In conclusion, in a cadaveric model of an incomplete ACL tear, a coring osteotomy at the tibial insertion of the remnant posterolateral ACL bundle improved anteroposterior translation of the knee without compromising rotational laxity. Retensioning remnant ACL tissue can be explored as a tool for addressing ACL-related instability.
Footnotes
Final revision submitted October 23, 2020; accepted December 14, 2020.

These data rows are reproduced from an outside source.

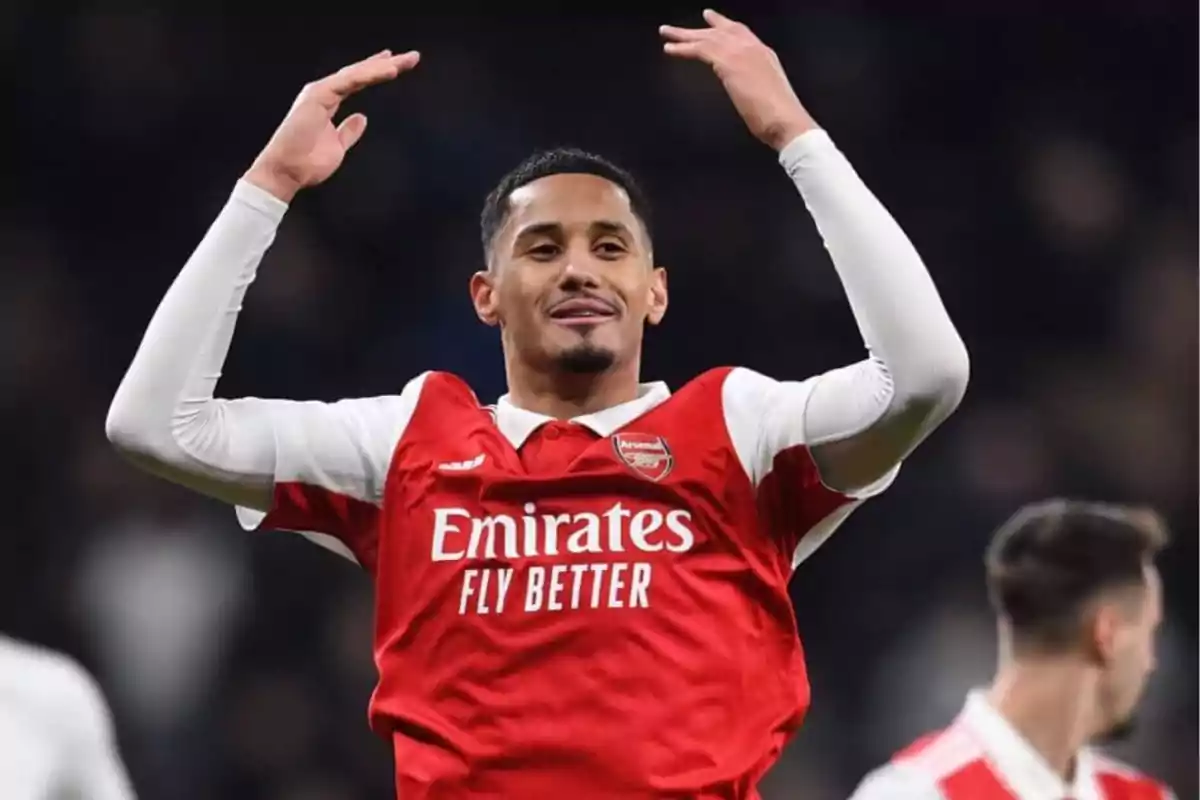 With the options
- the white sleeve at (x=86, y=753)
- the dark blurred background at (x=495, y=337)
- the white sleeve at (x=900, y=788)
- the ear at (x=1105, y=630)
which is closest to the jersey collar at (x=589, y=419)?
the white sleeve at (x=900, y=788)

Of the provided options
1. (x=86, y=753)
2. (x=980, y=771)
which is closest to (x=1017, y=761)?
(x=980, y=771)

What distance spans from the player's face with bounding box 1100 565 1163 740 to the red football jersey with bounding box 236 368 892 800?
0.61m

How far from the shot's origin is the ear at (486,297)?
9.72 feet

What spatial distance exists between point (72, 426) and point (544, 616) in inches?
114

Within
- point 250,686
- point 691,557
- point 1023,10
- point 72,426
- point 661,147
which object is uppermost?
point 1023,10

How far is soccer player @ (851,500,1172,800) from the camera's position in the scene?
2895 millimetres

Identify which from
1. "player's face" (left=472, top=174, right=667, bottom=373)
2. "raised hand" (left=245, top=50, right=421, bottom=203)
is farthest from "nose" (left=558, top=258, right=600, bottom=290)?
"raised hand" (left=245, top=50, right=421, bottom=203)

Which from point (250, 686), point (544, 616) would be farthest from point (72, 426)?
point (544, 616)

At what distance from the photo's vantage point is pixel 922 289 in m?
2.54

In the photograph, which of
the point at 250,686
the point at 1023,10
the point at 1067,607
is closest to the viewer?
the point at 1067,607

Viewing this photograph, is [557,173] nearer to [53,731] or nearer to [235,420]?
[235,420]

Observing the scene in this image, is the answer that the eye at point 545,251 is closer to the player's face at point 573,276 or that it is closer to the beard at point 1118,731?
the player's face at point 573,276

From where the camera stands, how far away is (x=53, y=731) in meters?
1.88

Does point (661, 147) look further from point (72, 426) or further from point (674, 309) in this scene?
point (72, 426)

One or more of the authors has declared the following potential conflict of interest or source of funding: Research supplies for this study were provided by Arthrex. R.J.L. has received education payments from Supreme Orthopedic Systems and research support from OrthoPediatrics and Vericel. AOSSM checks author disclosures against the Open Payments Database (OPD). AOSSM has not conducted an independent investigation on the OPD and disclaims any liability or responsibility relating thereto.
Ethical approval was not sought for the present study.